Dataset Copying and Synchronization

Deep Lake allows copying and synchronizing datasets across different storage locations. This functionality is needed for the following use cases:

  • Moving datasets between cloud providers
  • Creating local copies of cloud datasets for faster access
  • Backing up datasets to different storage providers
  • Maintaining synchronized dataset replicas

Copying Datasets

Copy a dataset to a new location while preserving all data, metadata, and version history:

# Copy between storage providers
deeplake.copy(
    src="s3://source-bucket/dataset",
    dst="gcs://dest-bucket/dataset", 
    dst_creds={"credentials": "for-dest-storage"}
)

# Create local copy of cloud dataset  
deeplake.copy(
    src="al://org/dataset",
    dst="./local/dataset"
)

Dataset Synchronization

Pull Changes

Sync a dataset with its source by pulling new changes:

# Create dataset copy
deeplake.copy("s3://source/dataset", "s3://replica/dataset")

replica_ds = deeplake.open("s3://replica/dataset")
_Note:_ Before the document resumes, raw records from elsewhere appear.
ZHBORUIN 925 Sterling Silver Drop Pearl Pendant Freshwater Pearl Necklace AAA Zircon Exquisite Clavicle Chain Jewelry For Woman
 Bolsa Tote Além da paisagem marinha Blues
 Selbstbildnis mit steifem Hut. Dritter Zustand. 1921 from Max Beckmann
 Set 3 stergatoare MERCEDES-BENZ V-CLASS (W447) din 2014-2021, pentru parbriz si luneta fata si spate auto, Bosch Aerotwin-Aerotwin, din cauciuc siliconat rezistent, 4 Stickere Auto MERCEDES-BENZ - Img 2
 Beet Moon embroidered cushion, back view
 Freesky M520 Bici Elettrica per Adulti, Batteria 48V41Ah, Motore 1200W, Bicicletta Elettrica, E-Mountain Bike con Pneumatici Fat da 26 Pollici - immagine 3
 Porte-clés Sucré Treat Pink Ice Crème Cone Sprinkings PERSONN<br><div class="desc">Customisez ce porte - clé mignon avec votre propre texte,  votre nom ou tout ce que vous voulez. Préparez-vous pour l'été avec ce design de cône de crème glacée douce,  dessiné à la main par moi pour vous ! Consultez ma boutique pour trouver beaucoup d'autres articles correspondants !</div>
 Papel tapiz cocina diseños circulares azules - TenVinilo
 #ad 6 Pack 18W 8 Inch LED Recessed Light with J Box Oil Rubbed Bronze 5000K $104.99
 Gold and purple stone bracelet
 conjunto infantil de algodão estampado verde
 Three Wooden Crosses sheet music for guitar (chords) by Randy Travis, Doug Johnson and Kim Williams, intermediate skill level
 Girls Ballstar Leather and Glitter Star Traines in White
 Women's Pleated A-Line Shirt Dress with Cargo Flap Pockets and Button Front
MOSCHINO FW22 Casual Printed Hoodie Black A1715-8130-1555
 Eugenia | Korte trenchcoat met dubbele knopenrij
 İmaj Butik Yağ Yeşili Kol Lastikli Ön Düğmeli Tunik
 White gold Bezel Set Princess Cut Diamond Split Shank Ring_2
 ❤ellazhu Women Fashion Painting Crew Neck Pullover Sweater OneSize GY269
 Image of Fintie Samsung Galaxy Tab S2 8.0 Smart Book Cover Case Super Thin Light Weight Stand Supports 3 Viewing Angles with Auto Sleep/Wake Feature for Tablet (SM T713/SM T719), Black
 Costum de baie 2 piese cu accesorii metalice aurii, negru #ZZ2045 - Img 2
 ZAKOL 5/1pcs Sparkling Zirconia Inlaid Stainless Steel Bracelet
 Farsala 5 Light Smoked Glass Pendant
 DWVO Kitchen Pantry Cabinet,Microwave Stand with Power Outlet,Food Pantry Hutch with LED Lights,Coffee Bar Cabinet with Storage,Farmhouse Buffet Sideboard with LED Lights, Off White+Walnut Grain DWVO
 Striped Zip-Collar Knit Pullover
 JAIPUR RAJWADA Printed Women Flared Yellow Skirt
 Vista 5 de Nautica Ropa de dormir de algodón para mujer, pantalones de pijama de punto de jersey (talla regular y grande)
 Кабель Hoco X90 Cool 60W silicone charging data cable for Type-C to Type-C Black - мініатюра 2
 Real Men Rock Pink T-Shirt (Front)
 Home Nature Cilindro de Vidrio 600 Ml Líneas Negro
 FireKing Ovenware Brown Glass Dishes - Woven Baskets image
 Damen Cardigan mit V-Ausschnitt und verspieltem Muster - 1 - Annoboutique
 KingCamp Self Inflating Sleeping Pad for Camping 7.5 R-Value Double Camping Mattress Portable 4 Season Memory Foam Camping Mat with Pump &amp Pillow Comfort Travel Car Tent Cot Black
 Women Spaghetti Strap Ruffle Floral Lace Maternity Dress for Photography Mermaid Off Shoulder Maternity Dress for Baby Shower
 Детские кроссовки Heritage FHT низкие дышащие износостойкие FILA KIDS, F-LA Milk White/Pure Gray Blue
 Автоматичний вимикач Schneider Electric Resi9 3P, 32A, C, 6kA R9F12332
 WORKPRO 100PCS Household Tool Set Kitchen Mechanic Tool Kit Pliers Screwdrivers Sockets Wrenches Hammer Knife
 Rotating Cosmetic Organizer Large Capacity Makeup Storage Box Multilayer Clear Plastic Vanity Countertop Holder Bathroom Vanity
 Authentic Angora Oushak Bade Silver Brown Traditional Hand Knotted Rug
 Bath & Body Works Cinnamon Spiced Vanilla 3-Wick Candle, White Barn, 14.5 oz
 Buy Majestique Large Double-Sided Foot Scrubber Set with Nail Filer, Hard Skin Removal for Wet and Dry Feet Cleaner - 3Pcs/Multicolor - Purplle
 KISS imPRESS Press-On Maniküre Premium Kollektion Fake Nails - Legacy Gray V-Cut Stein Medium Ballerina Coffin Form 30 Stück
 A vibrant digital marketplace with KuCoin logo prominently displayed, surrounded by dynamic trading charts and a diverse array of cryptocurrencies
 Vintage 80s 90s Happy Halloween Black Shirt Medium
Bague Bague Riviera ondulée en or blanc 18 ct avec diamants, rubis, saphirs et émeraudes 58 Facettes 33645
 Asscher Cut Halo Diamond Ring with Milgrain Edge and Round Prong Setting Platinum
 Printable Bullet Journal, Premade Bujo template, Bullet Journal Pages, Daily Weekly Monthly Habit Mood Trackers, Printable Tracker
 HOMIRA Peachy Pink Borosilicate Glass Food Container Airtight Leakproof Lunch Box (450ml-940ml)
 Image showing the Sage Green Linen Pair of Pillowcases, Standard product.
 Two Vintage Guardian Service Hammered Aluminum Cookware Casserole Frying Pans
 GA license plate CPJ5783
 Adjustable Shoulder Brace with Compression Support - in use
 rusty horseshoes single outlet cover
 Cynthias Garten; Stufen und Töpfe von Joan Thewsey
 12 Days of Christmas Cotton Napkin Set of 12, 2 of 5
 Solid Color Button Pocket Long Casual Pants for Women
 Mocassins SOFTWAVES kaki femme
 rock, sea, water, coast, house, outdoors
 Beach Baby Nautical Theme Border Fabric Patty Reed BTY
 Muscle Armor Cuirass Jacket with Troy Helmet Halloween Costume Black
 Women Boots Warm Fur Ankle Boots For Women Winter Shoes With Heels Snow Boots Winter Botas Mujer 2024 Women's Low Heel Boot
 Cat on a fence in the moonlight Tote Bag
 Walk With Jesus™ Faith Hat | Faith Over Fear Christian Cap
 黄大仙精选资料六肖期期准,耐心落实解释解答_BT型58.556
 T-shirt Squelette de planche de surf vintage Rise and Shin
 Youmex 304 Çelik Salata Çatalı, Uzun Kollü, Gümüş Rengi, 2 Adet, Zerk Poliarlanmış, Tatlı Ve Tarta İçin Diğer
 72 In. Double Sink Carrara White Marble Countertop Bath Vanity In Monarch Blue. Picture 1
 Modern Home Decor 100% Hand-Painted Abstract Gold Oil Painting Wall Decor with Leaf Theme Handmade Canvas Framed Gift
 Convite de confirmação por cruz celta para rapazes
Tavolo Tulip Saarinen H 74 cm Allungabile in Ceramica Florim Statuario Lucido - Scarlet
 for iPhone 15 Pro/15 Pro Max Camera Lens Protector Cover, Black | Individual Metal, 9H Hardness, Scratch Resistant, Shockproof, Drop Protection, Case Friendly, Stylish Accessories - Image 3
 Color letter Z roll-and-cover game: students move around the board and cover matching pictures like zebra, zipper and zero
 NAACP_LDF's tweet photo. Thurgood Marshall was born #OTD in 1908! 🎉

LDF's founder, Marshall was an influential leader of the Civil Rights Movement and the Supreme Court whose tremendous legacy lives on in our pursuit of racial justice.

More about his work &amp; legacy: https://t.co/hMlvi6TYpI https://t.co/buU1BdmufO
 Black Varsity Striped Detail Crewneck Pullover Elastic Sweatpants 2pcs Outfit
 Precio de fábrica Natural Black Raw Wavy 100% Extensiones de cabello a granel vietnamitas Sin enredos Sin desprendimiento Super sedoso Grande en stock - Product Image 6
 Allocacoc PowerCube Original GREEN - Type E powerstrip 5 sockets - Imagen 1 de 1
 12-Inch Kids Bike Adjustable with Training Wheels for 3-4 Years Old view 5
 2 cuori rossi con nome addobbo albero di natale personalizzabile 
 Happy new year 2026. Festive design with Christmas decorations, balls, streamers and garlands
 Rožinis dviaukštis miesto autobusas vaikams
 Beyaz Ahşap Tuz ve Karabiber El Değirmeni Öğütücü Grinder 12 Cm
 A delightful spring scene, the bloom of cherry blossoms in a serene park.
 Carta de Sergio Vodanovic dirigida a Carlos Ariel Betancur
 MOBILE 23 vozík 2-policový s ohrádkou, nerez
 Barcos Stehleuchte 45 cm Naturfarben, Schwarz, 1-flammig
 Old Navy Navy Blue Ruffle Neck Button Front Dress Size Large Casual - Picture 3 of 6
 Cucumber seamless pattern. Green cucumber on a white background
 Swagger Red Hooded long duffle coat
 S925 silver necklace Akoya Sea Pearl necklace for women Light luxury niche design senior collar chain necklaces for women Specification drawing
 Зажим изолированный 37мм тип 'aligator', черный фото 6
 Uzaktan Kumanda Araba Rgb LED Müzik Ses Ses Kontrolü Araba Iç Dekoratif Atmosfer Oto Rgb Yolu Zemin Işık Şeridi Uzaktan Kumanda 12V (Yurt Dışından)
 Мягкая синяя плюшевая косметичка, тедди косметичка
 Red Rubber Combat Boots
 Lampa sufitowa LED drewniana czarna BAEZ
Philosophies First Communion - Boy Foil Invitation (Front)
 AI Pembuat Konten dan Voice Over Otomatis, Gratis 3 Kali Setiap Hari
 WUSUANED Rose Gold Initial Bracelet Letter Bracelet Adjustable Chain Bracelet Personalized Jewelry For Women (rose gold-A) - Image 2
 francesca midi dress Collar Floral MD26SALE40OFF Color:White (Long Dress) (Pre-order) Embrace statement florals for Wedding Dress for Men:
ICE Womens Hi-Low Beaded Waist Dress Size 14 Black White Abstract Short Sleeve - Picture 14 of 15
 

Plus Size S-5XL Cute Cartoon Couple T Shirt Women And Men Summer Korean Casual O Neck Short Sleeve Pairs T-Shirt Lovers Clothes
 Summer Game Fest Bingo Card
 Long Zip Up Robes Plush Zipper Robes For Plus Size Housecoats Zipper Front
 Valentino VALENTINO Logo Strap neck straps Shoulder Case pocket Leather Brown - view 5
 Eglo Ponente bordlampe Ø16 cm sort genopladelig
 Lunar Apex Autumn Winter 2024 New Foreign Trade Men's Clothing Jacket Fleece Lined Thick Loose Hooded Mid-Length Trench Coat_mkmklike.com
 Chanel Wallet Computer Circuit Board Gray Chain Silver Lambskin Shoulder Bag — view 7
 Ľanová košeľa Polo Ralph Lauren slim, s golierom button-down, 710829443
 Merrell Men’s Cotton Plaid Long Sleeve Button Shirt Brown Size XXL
# Later, pull new changes from source
replica_ds.pull(
    url="s3://source/dataset",
    creds={"aws_access_key_id": "key", "aws_secret_access_key": "secret"}
)

# Pull changes asynchronously
async def pull_async():
    await replica_ds.pull_async("s3://source/dataset") 

Push Changes

Push local changes to another dataset location:

# Make changes to dataset
ds.append({"images": new_images})
ds.commit()

# Push changes to replica
ds.push(
    url="s3://replica/dataset",
    creds={"aws_access_key_id": "key", "aws_secret_access_key": "secret"}
)

# Push changes asynchronously  
async def push_async():
    await ds.push_async("s3://replica/dataset")

Synchronization Example

# Initial dataset creation
source_ds = deeplake.create("s3://bucket/source")
source_ds.add_column("images", deeplake.types.Image())
source_ds.commit()

# Create replica
deeplake.copy(
    src="s3://bucket/source",
    dst="gcs://bucket/replica"
)
replica_ds = deeplake.open("gcs://bucket/replica")

# Add data to source
source_ds.append({"images": batch1})
source_ds.commit()

# Sync replica with source
replica_ds.pull("s3://bucket/source")

# Add data to replica  
replica_ds.append({"images": batch2})
replica_ds.commit()

# Push replica changes back to source
replica_ds.push("s3://bucket/source")

Summary

  • Copying the dataset preserves all data, metadata, and version history
  • Push/pull synchronizes only the changes between datasets
  • Copy/sync works across different storage providers - s3, gcs, azure, local, etc.